The cryptocurrency market saw significant movement this week, influenced by a series of major token unlocks and key U.S. economic indicators. While former President Donald Trump’s tariff decision created some turbulence, crypto investors were focused on the scheduled release of billions of dollars worth of tokens. Here’s what happened and why it matters.
Major Token Unlocks Shake the Market
This week brought several major token unlocks, adding liquidity and influencing supply dynamics for multiple projects. Investors were closely watching how these releases would impact price action.
February 5: Kaspa, XDC, and Ethena Token Unlocks
A busy start to the week saw three major tokens unlocking on February 5, collectively worth over $113 million.
- Kaspa (KAS) released 172.01 million tokens, valued at around $22 million. This accounted for 0.67% of its current circulating supply.
- XDC Network (XDC) unlocked a massive 841 million tokens, representing 5.36% of the total supply. The estimated value? A hefty $85.9 million.
- Ethena (ENA) saw a smaller, yet notable, release of 7.93 million tokens. Worth approximately $5.3 million, this accounted for 0.25% of its existing circulating supply.
With these unlocks, liquidity increased, and investors kept a close eye on whether selling pressure would follow.
February 6: Spell Token Unlock
February 6 was comparatively quieter but still saw a significant unlock from Spell (SPELL).
- Spell (SPELL) released 1.31 billion tokens, valued at around $1.7 million. This accounted for 0.84% of its circulating supply.

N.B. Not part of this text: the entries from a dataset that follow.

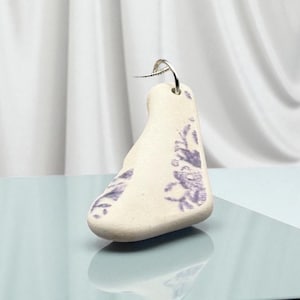 May include: A cream-colored, teardrop-shaped earring with a silver hook. The earring features a purple floral design on its surface. The earring is displayed against a light blue surface and a white backdrop.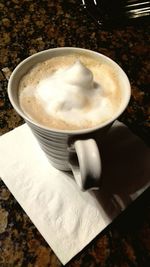 Close-up of coffee cup on table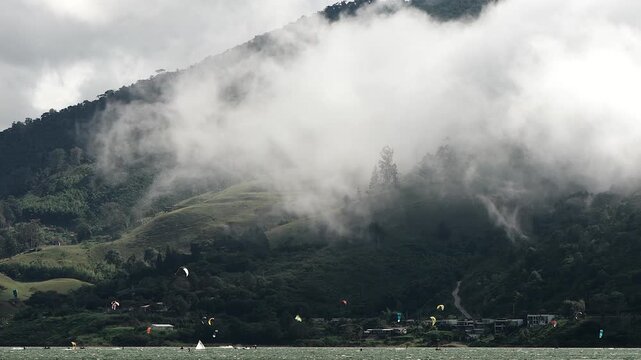 dramatic clouds covering mountains over lake calima landscape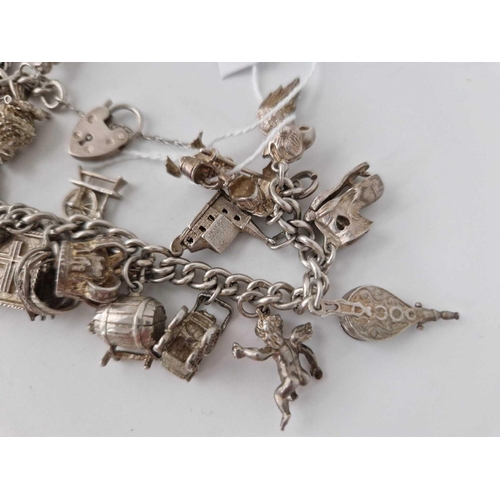 71 - A heavy silver charm bracelet 85g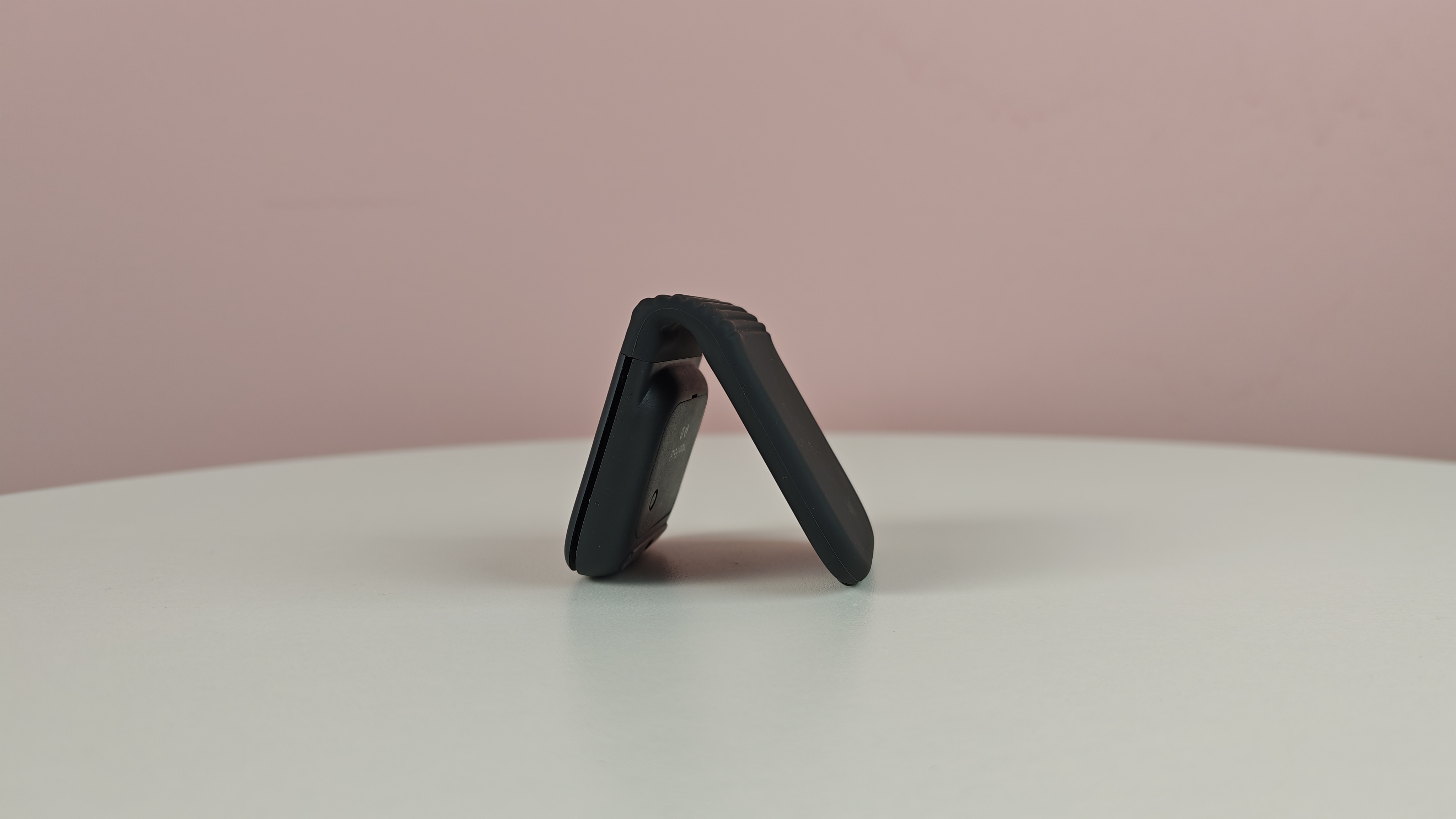 Logitech Mobi Fold half folded on table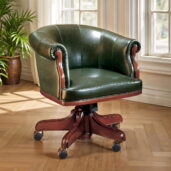 Marzorati executive office chair in dark green leather with an enveloping barrel‑back, rolled arms, wooden trim and a five‑star wooden base on casters, classic luxury style.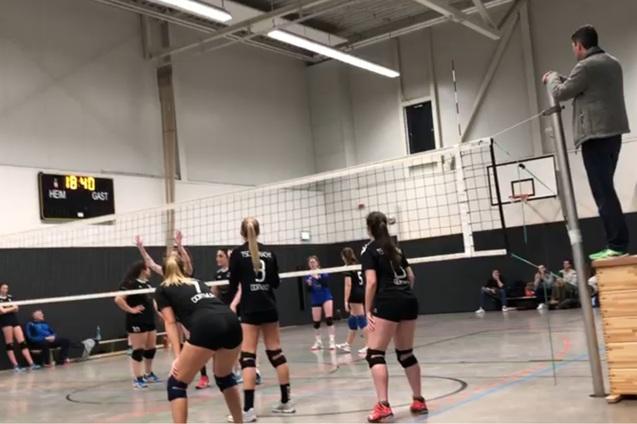 Volleyballspiel in einer Halle mit f&uuml;nf Spielerinnen in Schwarz und einer Person an der Seitenlinie mit Stoppuhr.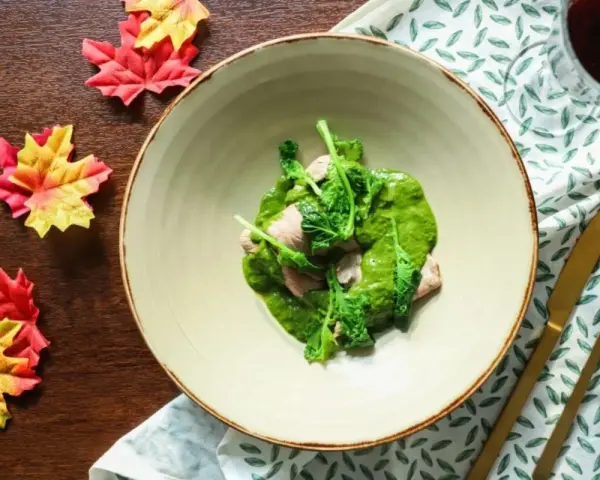 Piatto di carne con salsa verde cremosa, guarnito con cime di rapa fresche. Accanto, foglie autunnali e posate dorate.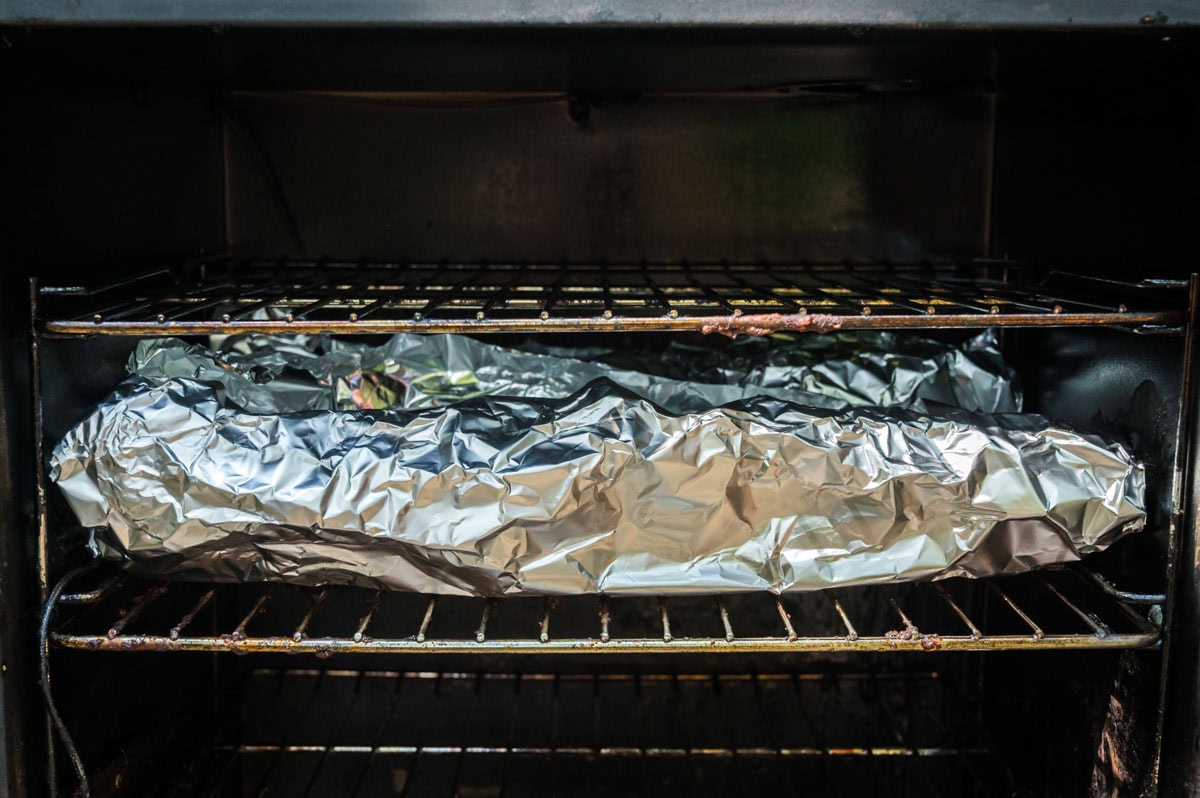 Ribs wrapped in foil in the smoker.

While smaller than the previous day’s unlocks, SPELL’s addition to the circulating supply still mattered to those holding the token.
Economic Data Influences Market Sentiment
Beyond token unlocks, broader financial markets paid close attention to key economic indicators set for release on February 7. Crypto traders also watched these reports closely, as macroeconomic trends can drive risk appetite.
February 7: Nonfarm Payrolls and Unemployment Rate
Economic reports have historically influenced Bitcoin and the broader crypto market, as they provide insight into Federal Reserve policy decisions.
- Nonfarm payrolls measure employment growth outside of farming and certain private sectors. The previous reading was 256,000, while the forecast called for 154,000 new jobs.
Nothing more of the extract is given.